=== WORK INSTRUCTIONS ===
Print every record exactly, with nothing added or left out.
-- RECORDS FOR THE EXERCISE follows --
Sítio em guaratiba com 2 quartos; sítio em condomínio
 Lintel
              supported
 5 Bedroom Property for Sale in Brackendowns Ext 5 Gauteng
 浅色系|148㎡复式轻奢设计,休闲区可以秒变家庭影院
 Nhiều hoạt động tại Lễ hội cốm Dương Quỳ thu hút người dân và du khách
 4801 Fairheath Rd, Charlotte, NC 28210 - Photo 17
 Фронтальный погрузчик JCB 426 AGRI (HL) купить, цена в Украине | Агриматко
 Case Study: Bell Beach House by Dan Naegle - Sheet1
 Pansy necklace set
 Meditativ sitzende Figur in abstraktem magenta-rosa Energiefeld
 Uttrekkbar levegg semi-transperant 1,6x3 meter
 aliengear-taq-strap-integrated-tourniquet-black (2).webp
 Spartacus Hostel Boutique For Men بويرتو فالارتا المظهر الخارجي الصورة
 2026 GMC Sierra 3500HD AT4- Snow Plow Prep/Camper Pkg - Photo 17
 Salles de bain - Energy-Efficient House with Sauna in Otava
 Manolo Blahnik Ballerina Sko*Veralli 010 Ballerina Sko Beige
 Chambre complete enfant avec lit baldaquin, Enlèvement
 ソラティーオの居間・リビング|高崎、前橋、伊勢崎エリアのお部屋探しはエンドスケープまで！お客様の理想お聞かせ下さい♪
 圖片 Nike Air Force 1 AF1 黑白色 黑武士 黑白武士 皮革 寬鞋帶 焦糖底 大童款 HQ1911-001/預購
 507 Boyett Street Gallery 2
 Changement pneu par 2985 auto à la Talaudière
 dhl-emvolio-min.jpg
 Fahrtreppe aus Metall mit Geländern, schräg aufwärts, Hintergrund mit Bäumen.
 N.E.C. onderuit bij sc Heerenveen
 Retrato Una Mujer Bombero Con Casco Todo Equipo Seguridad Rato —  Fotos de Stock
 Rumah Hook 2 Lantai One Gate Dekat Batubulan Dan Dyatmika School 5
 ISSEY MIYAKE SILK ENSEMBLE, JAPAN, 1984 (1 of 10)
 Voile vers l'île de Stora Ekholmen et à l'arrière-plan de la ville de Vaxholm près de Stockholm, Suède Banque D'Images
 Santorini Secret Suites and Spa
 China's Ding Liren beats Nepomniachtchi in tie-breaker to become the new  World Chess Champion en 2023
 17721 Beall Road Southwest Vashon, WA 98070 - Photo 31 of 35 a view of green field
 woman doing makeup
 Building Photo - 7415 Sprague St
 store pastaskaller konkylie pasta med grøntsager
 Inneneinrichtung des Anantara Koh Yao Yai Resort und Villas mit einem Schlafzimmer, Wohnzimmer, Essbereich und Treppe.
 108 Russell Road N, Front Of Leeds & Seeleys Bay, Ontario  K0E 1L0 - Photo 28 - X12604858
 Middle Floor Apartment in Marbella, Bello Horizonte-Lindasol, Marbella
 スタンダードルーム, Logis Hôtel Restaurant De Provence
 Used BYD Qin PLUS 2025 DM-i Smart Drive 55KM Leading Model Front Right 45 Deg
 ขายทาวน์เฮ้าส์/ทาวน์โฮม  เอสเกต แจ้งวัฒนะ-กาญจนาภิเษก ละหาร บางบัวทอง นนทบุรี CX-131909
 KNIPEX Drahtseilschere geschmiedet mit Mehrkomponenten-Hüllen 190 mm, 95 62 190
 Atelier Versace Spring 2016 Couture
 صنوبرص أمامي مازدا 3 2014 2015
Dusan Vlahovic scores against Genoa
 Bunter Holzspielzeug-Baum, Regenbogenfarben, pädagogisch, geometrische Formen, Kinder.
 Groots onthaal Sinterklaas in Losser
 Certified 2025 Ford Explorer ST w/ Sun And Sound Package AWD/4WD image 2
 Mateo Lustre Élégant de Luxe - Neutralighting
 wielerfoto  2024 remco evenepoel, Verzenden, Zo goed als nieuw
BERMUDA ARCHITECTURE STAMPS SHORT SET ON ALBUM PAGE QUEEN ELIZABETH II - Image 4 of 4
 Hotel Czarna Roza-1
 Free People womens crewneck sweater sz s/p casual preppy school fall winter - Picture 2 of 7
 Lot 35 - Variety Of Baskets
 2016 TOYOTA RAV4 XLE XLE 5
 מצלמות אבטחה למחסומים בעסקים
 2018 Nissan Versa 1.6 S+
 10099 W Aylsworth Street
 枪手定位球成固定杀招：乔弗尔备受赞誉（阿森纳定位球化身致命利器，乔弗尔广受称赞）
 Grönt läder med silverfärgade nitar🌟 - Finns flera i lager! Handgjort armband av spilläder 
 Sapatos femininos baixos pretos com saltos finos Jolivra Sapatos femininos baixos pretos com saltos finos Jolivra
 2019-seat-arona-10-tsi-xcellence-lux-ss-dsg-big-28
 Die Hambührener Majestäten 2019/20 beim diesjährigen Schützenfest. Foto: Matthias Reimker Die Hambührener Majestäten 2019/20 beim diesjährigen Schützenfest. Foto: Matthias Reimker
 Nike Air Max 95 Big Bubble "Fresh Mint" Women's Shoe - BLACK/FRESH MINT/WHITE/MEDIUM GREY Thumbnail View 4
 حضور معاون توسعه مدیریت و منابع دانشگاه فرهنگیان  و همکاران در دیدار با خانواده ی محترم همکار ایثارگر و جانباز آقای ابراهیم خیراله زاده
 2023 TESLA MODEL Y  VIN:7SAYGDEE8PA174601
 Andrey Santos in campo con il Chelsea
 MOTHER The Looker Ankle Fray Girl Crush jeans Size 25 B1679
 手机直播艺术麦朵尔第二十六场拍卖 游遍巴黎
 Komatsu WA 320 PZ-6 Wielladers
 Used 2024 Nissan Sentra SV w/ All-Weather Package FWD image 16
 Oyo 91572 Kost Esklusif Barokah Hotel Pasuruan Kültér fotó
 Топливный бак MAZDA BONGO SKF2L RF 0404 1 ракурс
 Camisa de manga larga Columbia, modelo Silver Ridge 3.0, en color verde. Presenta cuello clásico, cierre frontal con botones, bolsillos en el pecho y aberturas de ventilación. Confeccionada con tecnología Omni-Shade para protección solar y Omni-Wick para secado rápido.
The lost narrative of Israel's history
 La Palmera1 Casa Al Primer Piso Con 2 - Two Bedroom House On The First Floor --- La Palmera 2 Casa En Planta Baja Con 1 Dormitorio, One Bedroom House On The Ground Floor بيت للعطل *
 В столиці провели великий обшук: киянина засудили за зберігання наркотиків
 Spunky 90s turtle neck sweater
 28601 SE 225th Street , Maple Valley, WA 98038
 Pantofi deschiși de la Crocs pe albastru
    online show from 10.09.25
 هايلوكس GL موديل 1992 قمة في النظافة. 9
-- RECORDS FOR THE EXERCISE concluded --
=== EXERCISE OUTPUT ===
Sítio em guaratiba com 2 quartos; sítio em condomínio
 Lintel
              supported
 5 Bedroom Property for Sale in Brackendowns Ext 5 Gauteng
 浅色系|148㎡复式轻奢设计,休闲区可以秒变家庭影院
 Nhiều hoạt động tại Lễ hội cốm Dương Quỳ thu hút người dân và du khách
 4801 Fairheath Rd, Charlotte, NC 28210 - Photo 17
 Фронтальный погрузчик JCB 426 AGRI (HL) купить, цена в Украине | Агриматко
 Case Study: Bell Beach House by Dan Naegle - Sheet1
 Pansy necklace set
 Meditativ sitzende Figur in abstraktem magenta-rosa Energiefeld
 Uttrekkbar levegg semi-transperant 1,6x3 meter
 aliengear-taq-strap-integrated-tourniquet-black (2).webp
 Spartacus Hostel Boutique For Men بويرتو فالارتا المظهر الخارجي الصورة
 2026 GMC Sierra 3500HD AT4- Snow Plow Prep/Camper Pkg - Photo 17
 Salles de bain - Energy-Efficient House with Sauna in Otava
 Manolo Blahnik Ballerina Sko*Veralli 010 Ballerina Sko Beige
 Chambre complete enfant avec lit baldaquin, Enlèvement
 ソラティーオの居間・リビング|高崎、前橋、伊勢崎エリアのお部屋探しはエンドスケープまで！お客様の理想お聞かせ下さい♪
 圖片 Nike Air Force 1 AF1 黑白色 黑武士 黑白武士 皮革 寬鞋帶 焦糖底 大童款 HQ1911-001/預購
 507 Boyett Street Gallery 2
 Changement pneu par 2985 auto à la Talaudière
 dhl-emvolio-min.jpg
 Fahrtreppe aus Metall mit Geländern, schräg aufwärts, Hintergrund mit Bäumen.
 N.E.C. onderuit bij sc Heerenveen
 Retrato Una Mujer Bombero Con Casco Todo Equipo Seguridad Rato —  Fotos de Stock
 Rumah Hook 2 Lantai One Gate Dekat Batubulan Dan Dyatmika School 5
 ISSEY MIYAKE SILK ENSEMBLE, JAPAN, 1984 (1 of 10)
 Voile vers l'île de Stora Ekholmen et à l'arrière-plan de la ville de Vaxholm près de Stockholm, Suède Banque D'Images
 Santorini Secret Suites and Spa
 China's Ding Liren beats Nepomniachtchi in tie-breaker to become the new  World Chess Champion en 2023
 17721 Beall Road Southwest Vashon, WA 98070 - Photo 31 of 35 a view of green field
 woman doing makeup
 Building Photo - 7415 Sprague St
 store pastaskaller konkylie pasta med grøntsager
 Inneneinrichtung des Anantara Koh Yao Yai Resort und Villas mit einem Schlafzimmer, Wohnzimmer, Essbereich und Treppe.
 108 Russell Road N, Front Of Leeds & Seeleys Bay, Ontario  K0E 1L0 - Photo 28 - X12604858
 Middle Floor Apartment in Marbella, Bello Horizonte-Lindasol, Marbella
 スタンダードルーム, Logis Hôtel Restaurant De Provence
 Used BYD Qin PLUS 2025 DM-i Smart Drive 55KM Leading Model Front Right 45 Deg
 ขายทาวน์เฮ้าส์/ทาวน์โฮม  เอสเกต แจ้งวัฒนะ-กาญจนาภิเษก ละหาร บางบัวทอง นนทบุรี CX-131909
 KNIPEX Drahtseilschere geschmiedet mit Mehrkomponenten-Hüllen 190 mm, 95 62 190
 Atelier Versace Spring 2016 Couture
 صنوبرص أمامي مازدا 3 2014 2015
Dusan Vlahovic scores against Genoa
 Bunter Holzspielzeug-Baum, Regenbogenfarben, pädagogisch, geometrische Formen, Kinder.
 Groots onthaal Sinterklaas in Losser
 Certified 2025 Ford Explorer ST w/ Sun And Sound Package AWD/4WD image 2
 Mateo Lustre Élégant de Luxe - Neutralighting
 wielerfoto  2024 remco evenepoel, Verzenden, Zo goed als nieuw
BERMUDA ARCHITECTURE STAMPS SHORT SET ON ALBUM PAGE QUEEN ELIZABETH II - Image 4 of 4
 Hotel Czarna Roza-1
 Free People womens crewneck sweater sz s/p casual preppy school fall winter - Picture 2 of 7
 Lot 35 - Variety Of Baskets
 2016 TOYOTA RAV4 XLE XLE 5
 מצלמות אבטחה למחסומים בעסקים
 2018 Nissan Versa 1.6 S+
 10099 W Aylsworth Street
 枪手定位球成固定杀招：乔弗尔备受赞誉（阿森纳定位球化身致命利器，乔弗尔广受称赞）
 Grönt läder med silverfärgade nitar🌟 - Finns flera i lager! Handgjort armband av spilläder 
 Sapatos femininos baixos pretos com saltos finos Jolivra Sapatos femininos baixos pretos com saltos finos Jolivra
 2019-seat-arona-10-tsi-xcellence-lux-ss-dsg-big-28
 Die Hambührener Majestäten 2019/20 beim diesjährigen Schützenfest. Foto: Matthias Reimker Die Hambührener Majestäten 2019/20 beim diesjährigen Schützenfest. Foto: Matthias Reimker
 Nike Air Max 95 Big Bubble "Fresh Mint" Women's Shoe - BLACK/FRESH MINT/WHITE/MEDIUM GREY Thumbnail View 4
 حضور معاون توسعه مدیریت و منابع دانشگاه فرهنگیان  و همکاران در دیدار با خانواده ی محترم همکار ایثارگر و جانباز آقای ابراهیم خیراله زاده
 2023 TESLA MODEL Y  VIN:7SAYGDEE8PA174601
 Andrey Santos in campo con il Chelsea
 MOTHER The Looker Ankle Fray Girl Crush jeans Size 25 B1679
 手机直播艺术麦朵尔第二十六场拍卖 游遍巴黎
 Komatsu WA 320 PZ-6 Wielladers
 Used 2024 Nissan Sentra SV w/ All-Weather Package FWD image 16
 Oyo 91572 Kost Esklusif Barokah Hotel Pasuruan Kültér fotó
 Топливный бак MAZDA BONGO SKF2L RF 0404 1 ракурс
 Camisa de manga larga Columbia, modelo Silver Ridge 3.0, en color verde. Presenta cuello clásico, cierre frontal con botones, bolsillos en el pecho y aberturas de ventilación. Confeccionada con tecnología Omni-Shade para protección solar y Omni-Wick para secado rápido.
The lost narrative of Israel's history
 La Palmera1 Casa Al Primer Piso Con 2 - Two Bedroom House On The First Floor --- La Palmera 2 Casa En Planta Baja Con 1 Dormitorio, One Bedroom House On The Ground Floor بيت للعطل *
 В столиці провели великий обшук: киянина засудили за зберігання наркотиків
 Spunky 90s turtle neck sweater
 28601 SE 225th Street , Maple Valley, WA 98038
 Pantofi deschiși de la Crocs pe albastru
    online show from 10.09.25
 هايلوكس GL موديل 1992 قمة في النظافة. 9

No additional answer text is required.